В то время у власти находился Керенский, Кшесинская припомнила, что знакома с адвокатом Н.П. Карабчевским
[185], который знает Александра Федоровича лично. Когда-то после одного из ее представлений этот самый Карабчевский пал перед балериной на колени произнеся: «Убейте кого-нибудь, я буду вас защищать, и вас оправдают». Что же, она, конечно же, никого не убила, но советчик и друг ей был нужен как никогда прежде.
Но услышав по телефону фамилию Кшесинская, адвокат моментально отрекся от данного обещания, вяло сообщив, что за Матильду Кшесинскую он заступаться не станет, так как в свете последних событий считает это неудобным для себя.
Кшесинская повесила трубку. Впрочем, на счастье нашей героини, мир вокруг нее состоял не из одних только Карабчевских, и вскоре ее нашел издатель журнала «Столица и усадьба» Владимир Пименович Крымов
[186], который лично поехал к Керенскому просить за знаменитую балерину. Потом, как будто бы ниоткуда, появился только что назначенный Временным правительством генерал-губернатором Финляндии Михаил Александрович Стахович
[187], который также был готов оказать помощь. В частности – вывезти ее с сыном за границу. Еще один друг Викторов согласился посетить квартиру Юрьева и забрать саквояж с драгоценностями. Викторов был одет в военную форму, встретив недалеко от дома Юрьева незнакомого солдата попросил его помочь донести саквояж. Расчет был точен: на улице могли бы задержать барыню с поклажей, офицера, но только не простого солдата.
Получив таким образом хоть что-то, Кшесинская расхрабрилась и посетила Таврический дворец, где рассчитывала переговорить относительно освобождения ее дома «от захватчиков». Сама она опасалась возвращаться туда, даже если бы ей это позволили, понимая, что если вдруг станут искать сына Андрея, скорее всего, первым делом сунутся в ее особняк.

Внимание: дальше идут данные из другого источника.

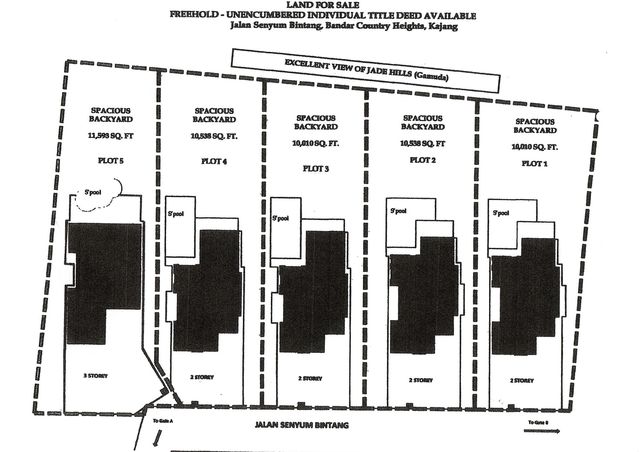 Country Heights, Kajang land for sale image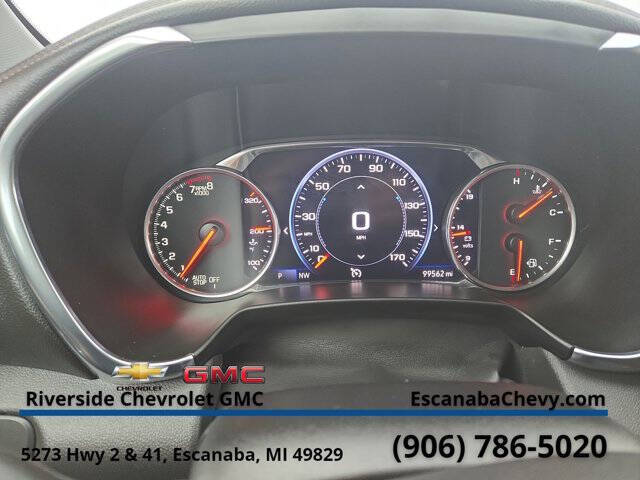 2020 Chevrolet Blazer Premier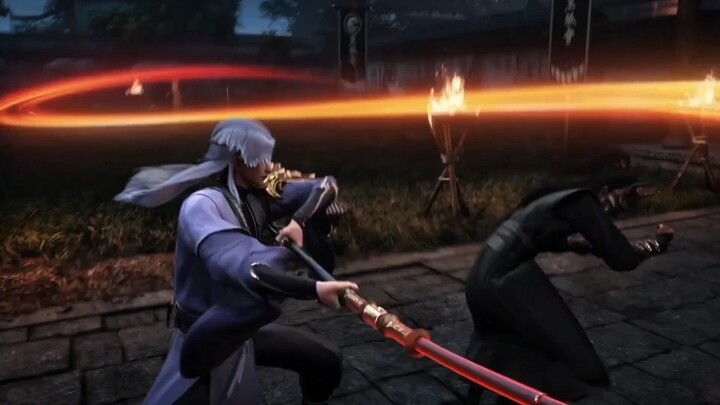 The Gate of Mystical Realm. Episode 04. Sub.Indo Part.5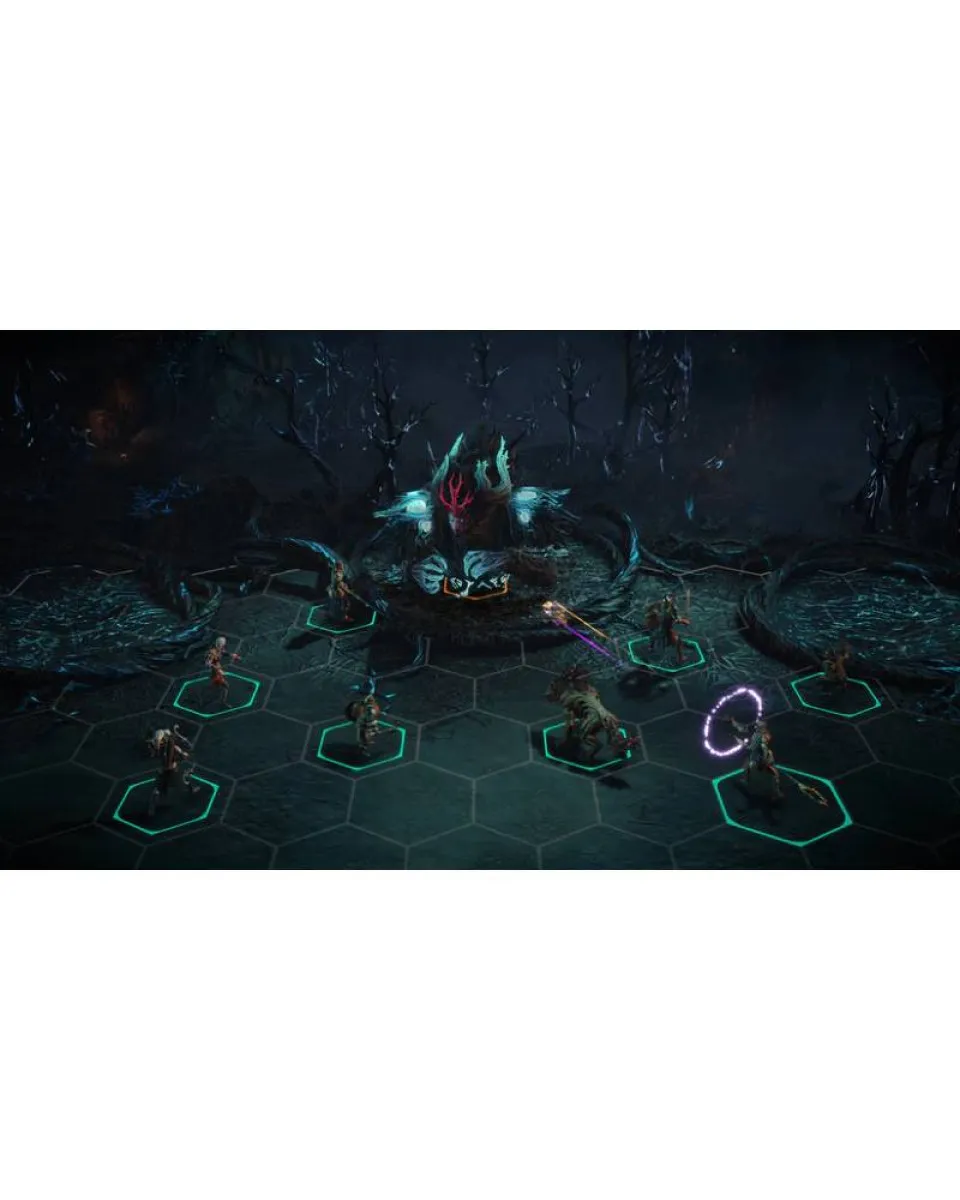 PS5 Disciples Domination - Deluxe Edition 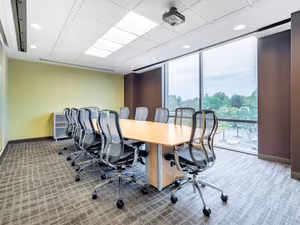 1 Person Coworking Desk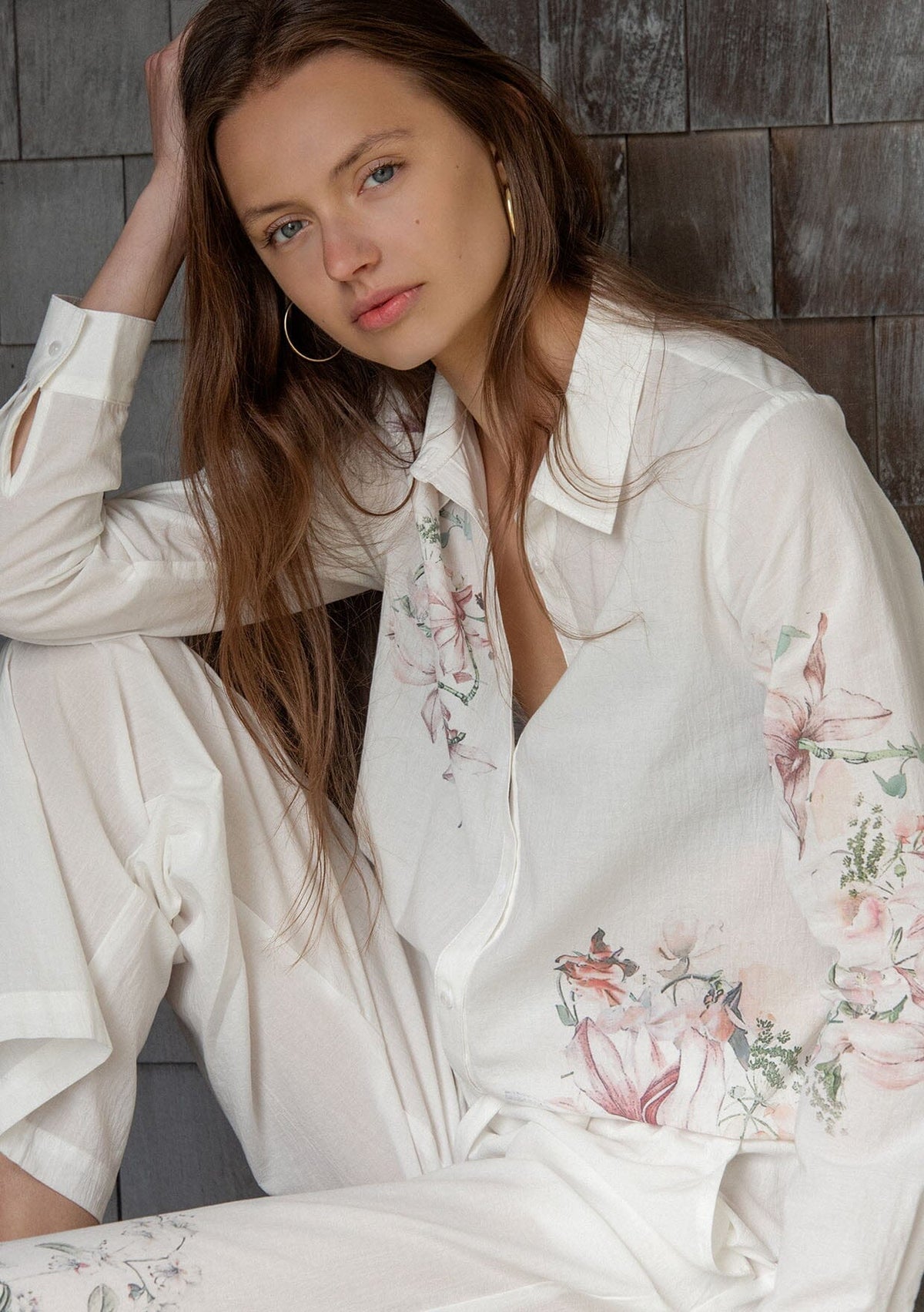 Floral Crush Shirt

Матильда Кшесинская в одной из комнат своего особняка на Кронверкском проспекте с фоксом Джиби и козочкой, принимавших участие в балете «Эмеральда». Санкт-Петербург. Фотограф – Яков Штейнберг. 1913 г.
Когда же ей разрешили пройти в дом, она была подавлена картиной открывшегося ей разрушения: «Когда я вошла в свой дом, то меня сразу объял ужас, во что его успели превратить: чудная мраморная лестница, ведшая к вестибюлю и покрытая красным ковром, была завалена книгами, среди которых копошились какие-то женщины. Когда я стала подыматься, эти женщины накинулись на меня, что я хожу по их книгам. Я не выдержала и, возмущенная, сказала им в ответ, что я в своем доме могу ходить как хочу. Меня ввели в нижний кабинет, и тот человек, который меня сопровождал из Таврического дворца, любезно предложил мне сесть на то кресло, на котором я обыкновенно любила сидеть. Среди находившихся тут солдат один был очень приличный. Когда мой проводник его спросил, почему они так задерживаются в моем доме, то вместо ответа он показал на угловое окно, из которого хорошо был виден Троицкий мост и набережная, и дал нам понять, что им это важно. Я тогда поняла, что это были, очевидно, большевики, и что они готовились к новому перевороту. Они хотели удержать за собою удобное место для наблюдения за мостом и для возможного его обстрела. Мой проводник предложил мне позвонить к себе домой по телефону, чтобы предупредить моих, где я сейчас нахожусь. Я вызвала квартиру брата и говорила с Вовой, стараясь его успокоить тем, что вокруг меня хорошие люди, и что все благополучно. Мне предложили потом подняться в мою спальню, но это было просто ужасно, что я увидела: чудный ковер, специально мною заказанный в Париже, весь был залит чернилами, вся мебель была вынесена в нижний этаж, из чудного шкапа была вырвана с петлями дверь, все полки вынуты, и там стояли ружья, я поспешила выйти, слишком тяжело было смотреть на это варварство. В моей уборной ванна-бассейн была наполнена окурками. В это время ко мне подошел студент Агабабов, который первым занял мой дом и жил с тех пор в нем. Он предложил мне как ни в чем не бывало переехать обратно и жить с ними и сказал, что они уступят мне комнаты сына. Я ничего не ответила, это уже было верхом нахальства… Внизу, в зале, картина была не менее отвратительна: рояль Бехштейна красного дерева был почему-то втиснут в зимний сад, между двумя колоннами, которые, конечно, были сильно этим повреждены».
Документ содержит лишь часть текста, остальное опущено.